Parte il decommissioning della centrale nucleare di Latina, solo la prima fase costerà 270 milioni di euro

Sogin: «Si tratta di un passaggio cruciale per la chiusura del ciclo nucleare italiano». Ma del Deposito unico nazionale dove conferire i rifiuti radioattivi si è persa ogni traccia

[21 Maggio 2020]

Il ministero dello Sviluppo economico ha approvato, su parere dell’Autorità di sicurezza nucleare (Isin) e delle altre istituzioni competenti, il decreto di disattivazione della ex centrale nucleare di Latina: questo significa che finalmente può entrare nel vivo il decommissioning dell’impianto, la cui costruzione è iniziata nel 1958.

Nel maggio 1963, quella che allora era la più grande centrale nucleare d’Europa (con una potenza elettrica di 210 MWe), iniziò a produrre elettricità: è stata la prima centrale nucleare italiana a tagliare il traguardo, ma la sua attività è durata pochissimo fermandosi nel 1987 all’indomani del referendum sul nucleare. Alcune attività minori di smantellamento sono state realizzate nel corso dei decenni, ma oggi l’impianto è ancora lì.

Il provvedimento del Mise consente adesso a Sogin di avviare le attività previste nella fase 1 del programma generale di decommissioning dell’impianto, con il duplice obiettivo di incrementare i livelli di sicurezza e ridurre l’impatto ambientale.

Le principali attività previste riguardano lo smantellamento dei sei boiler, per un peso complessivo di oltre 3.600 tonnellate, e l’abbassamento dell’altezza dell’edificio reattoreda 53 a 38 metri, che modificherà lo skyline del sito; saranno inoltre smantellati edifici e impianti ausiliari.

«Siamo soddisfatti – commenta l’ad di Sogin, Emanuele Fontani – per l‘emissione del decreto, il quinto dopo quelli ottenuti per l’impianto di Bosco Marengo e le centrali di Trino, Garigliano e Caorso. Si tratta di un passaggio cruciale per la chiusura del ciclo nucleare italiano, che ci consente di entrare nel vivo del decommissioning della centrale pontina».

La centrale di Latina è l’ultima delle quattro centrali nucleari italiane ad ottenere il decreto di disattivazione.

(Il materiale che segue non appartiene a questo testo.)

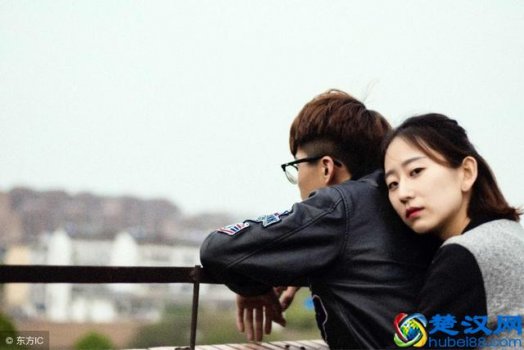 我今年30岁了,还没等到执子之手与子偕老的那个人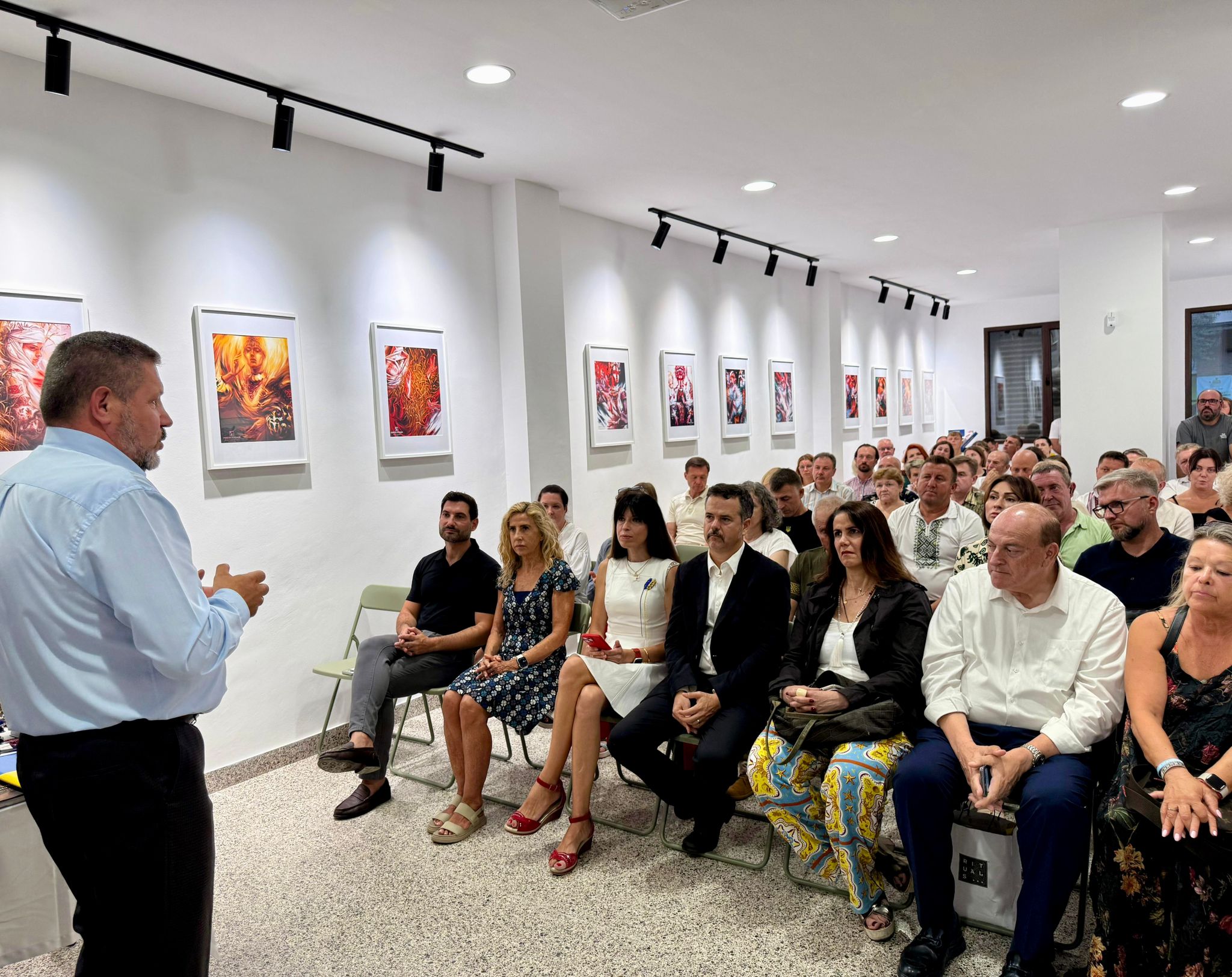 Ukrainian cultural center opens in Valencia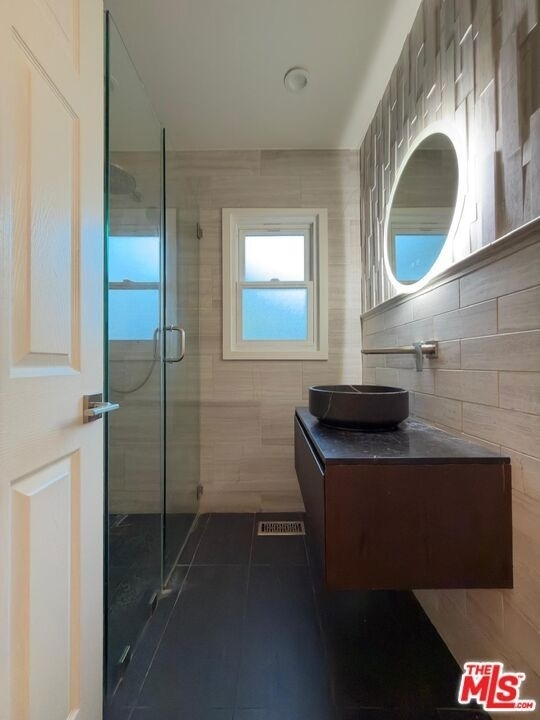 3323 Reta Street - Photo 9
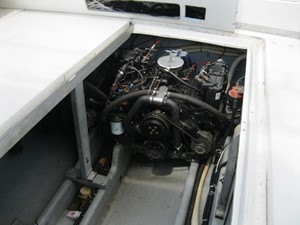 1993 Sea Ray Laguna 29 Walkaround 11 Engine Compartment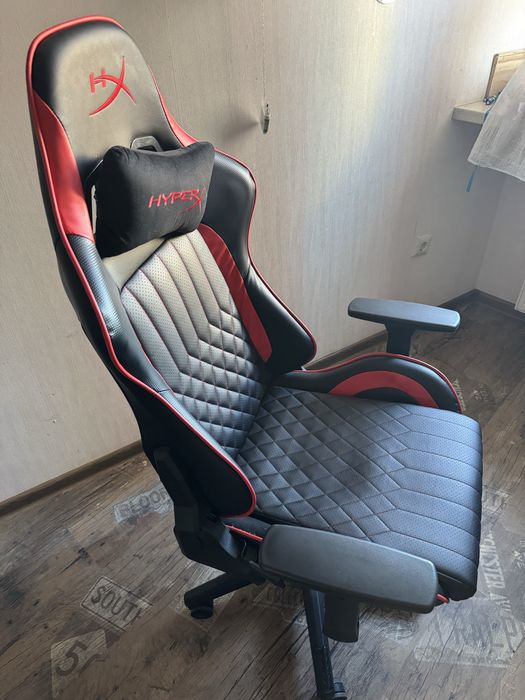 Игровое кресло HyperX Blast – отличное состояние!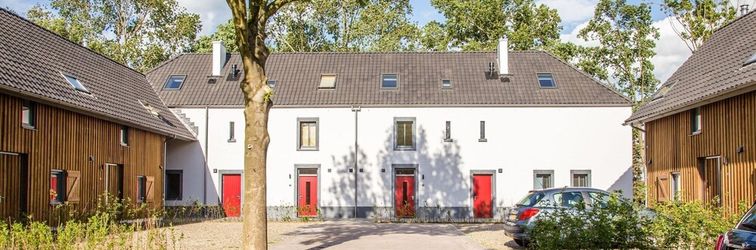 Exterior Luxurious Home, 4 Bathrooms, 4km From Maastricht
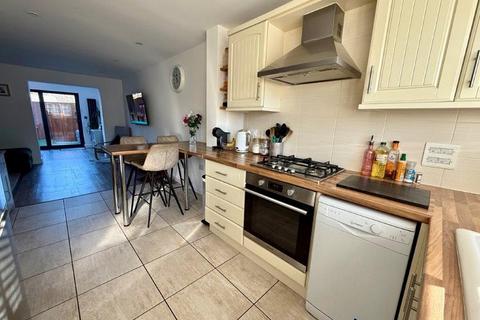 3 bedroom terraced house for sale, New Avenue, Rearsby, Leicestershire. LE7 4YU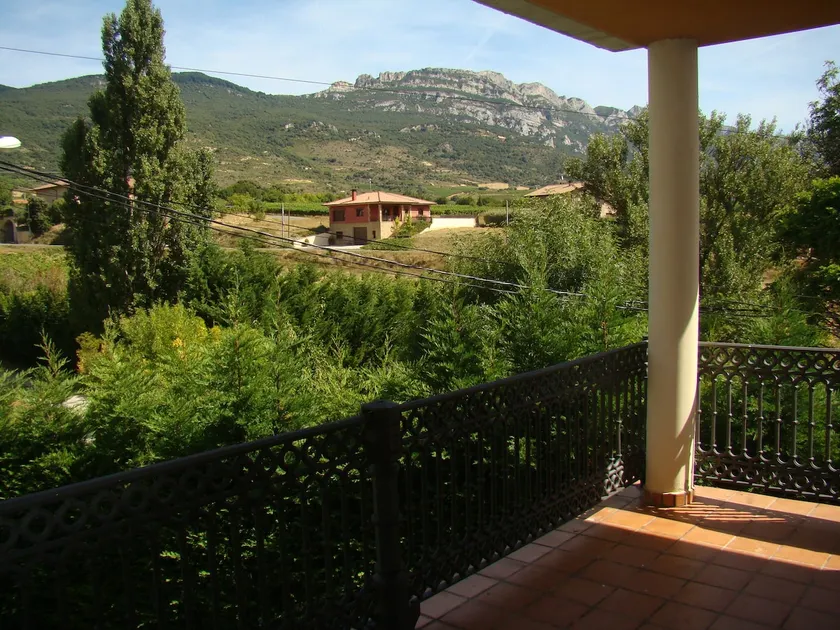 A high-end house on the Wine Route - Image 1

Per l’impianto la conclusione della prima fase del decommissioning è prevista nel 2027, per un valore complessivo delle attività di 270 milioni di euro.

Al termine, i rifiuti radioattivi, pregressi e prodotti dal decommissioning, saranno stoccati in sicurezza sul sito, sia nel nuovo deposito temporaneo, sia in alcuni locali dell’edificio reattore appositamente adeguati così da non realizzare ulteriori strutture.

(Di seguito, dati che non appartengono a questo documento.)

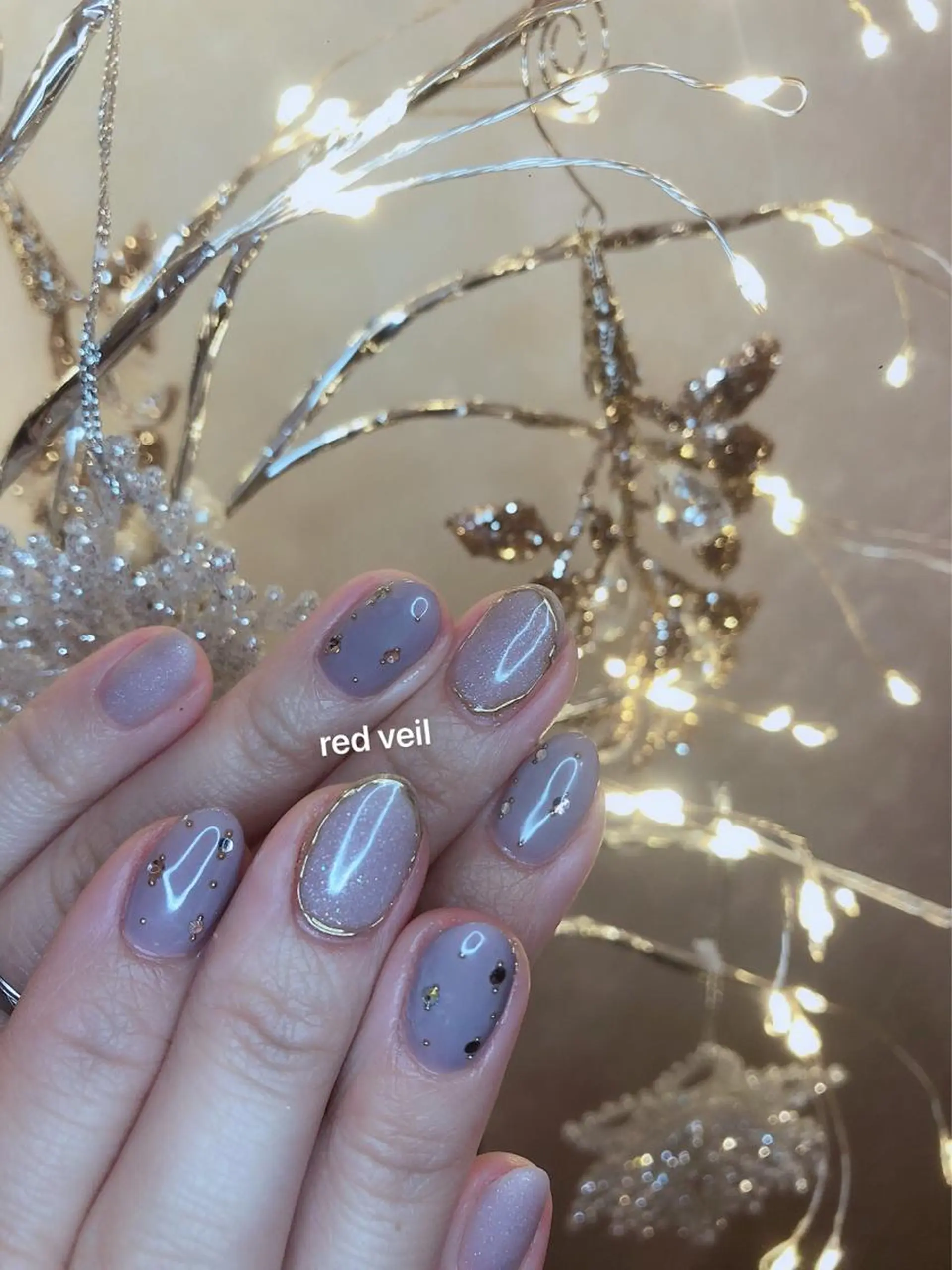 ミディアム ネイル 長さ出し専門 nynaのネイルデザイン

Con la disponibilità del Deposito unico nazionale sarà invece possibile avviare la seconda e ultima fase, con lo smantellamento del reattore a gas grafite: quando tutti i rifiuti radioattivi saranno conferiti al Deposito unico nazionale e i depositi temporanei saranno demoliti, il sito verrà rilasciato, senza vincoli di natura radiologica, e restituito alla collettività per il suo riutilizzo. Quando accadrà? Difficile a dirsi: di fatto ancora non abbiamo neanche idea di dove verrà realizzato il Deposito unico nazionale – un progetto da 1,5 miliardi di euro – dato che nella Carta nazionale delle aree potenzialmente idonee (Cnapi) a ospitarlo sono stati individuati 100 possibili siti ormai dal gennaio 2015, ma da allora è sempre rimasta chiusa in un cassetto.